Ceril first met Bira in 1933 at the age of 17 when he was 20, three weeks later he asked her to marry him and thus began the story of Bira, Prince of Siam, grandson of King Monghut, immortalized by Richard Rodgers and Oscar Hammerstein in the 1951 musical “The King and I”, and the young Englishwoman who was to become Princess Ceril Birabongse. Educated at Eton and Cambridge Bira later enrolled at Mr Wheeler’s Studio in Tregunter Road, Chelsea and was to later exhibit his work at the Royal Academy. Joining his cousin Chula, they were to join the 1930s racing circuit with a fleet of racing cars painted “Bira Blue”, emblazoned with Bira’s white mouse mascot. Racing in Britiain, Ireland, The Isle of Man, Monte Carlo, Nurburgring, Peronne, Albi, Berne and Pescara.

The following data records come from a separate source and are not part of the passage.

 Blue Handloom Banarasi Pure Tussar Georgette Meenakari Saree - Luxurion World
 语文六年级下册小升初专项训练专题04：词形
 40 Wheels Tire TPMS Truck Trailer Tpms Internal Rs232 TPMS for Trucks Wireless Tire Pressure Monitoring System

He was the only Thai race car driver to race until Alex Yoong in Formula One in 2001. Racing for Maserati, Gordini and the Connaught teams with his cousin prince Chula and his “White Mouse Racing team”, driving a Riley Imp at Brooklands in 1935, it was in this car that he established the national racing colours of Siam of pale blue with yellow, which became known as “Bira Blue”. At the end of 1937 Bira married Ceril Heycock, a young Englishwoman who he had first met at the Byam Shaw Art School, Campden Hill in 1933. By chance Bira was also aquainted with Way Heycock, Ceril’s brother while he was up at Cambridge.

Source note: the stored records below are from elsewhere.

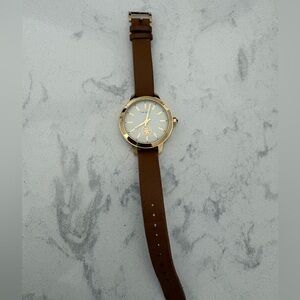 Tory Burch Gold and Brown Leather Watch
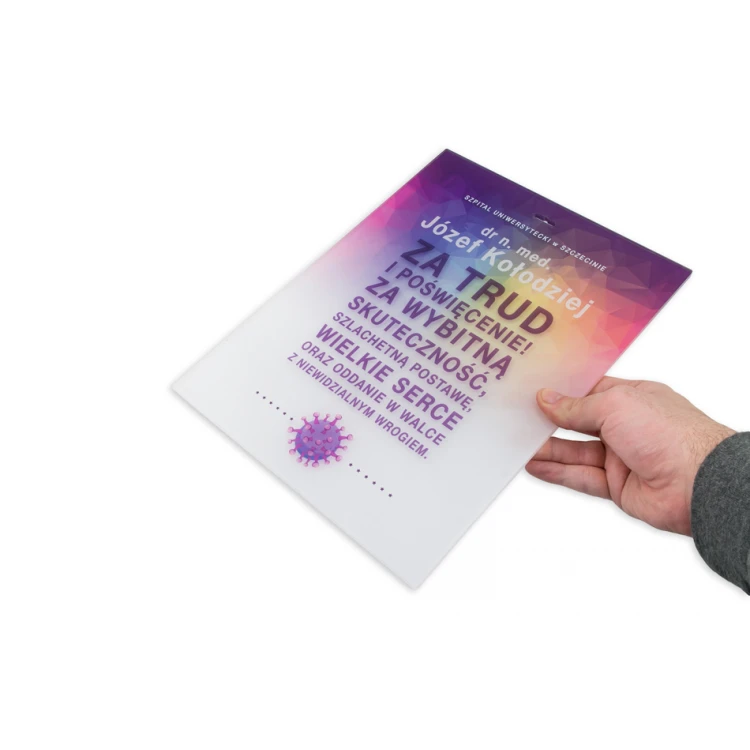 Moderner Acryl-Diplom für Ärzte - farbiger UV-Druck - DUV054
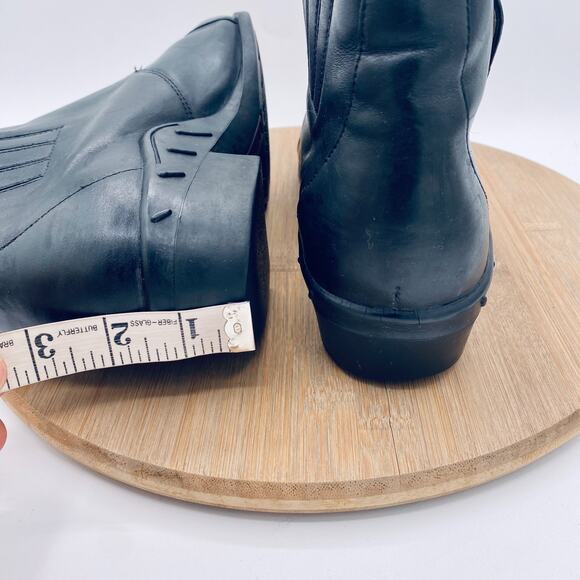 Ariat Boots Womens 10 Black Leather Ankle Snap Front Western Goth Boho - Picture 9 of 12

Bira’s cousin and guardian Prince Chula, gave Ceril and Bira a cheque to furnish their new home, however he was to spend a sizeable portion on a new car, a blue Rolls Royce from Jack Barclay’s showroom. Bira whenever he had money could never resist spending it all at once. It was also through the generosity of Chula that Ceril was to aquire her jewellery gifted from Chula to Bira for Ceril. Chula whose mother was a Russian émigré had been gifted fabulous jewels from her mother in law, Queen Saowabha.  On discovering that Chula’s father had fallen in love with one of his nieces, and refusing to give her up Chula’s mother went to live in Shanghai, before her departure she gave back all her jewels to Queen Saowabha where they were kept until Chula came of age. When Chula married Cerils best friend Lisba, on 30th September 1938, he gave the jewels to his new wife and Ceril, presenting  the black opal and diamond set , saying only she could wear them as he knew no-one else born in October.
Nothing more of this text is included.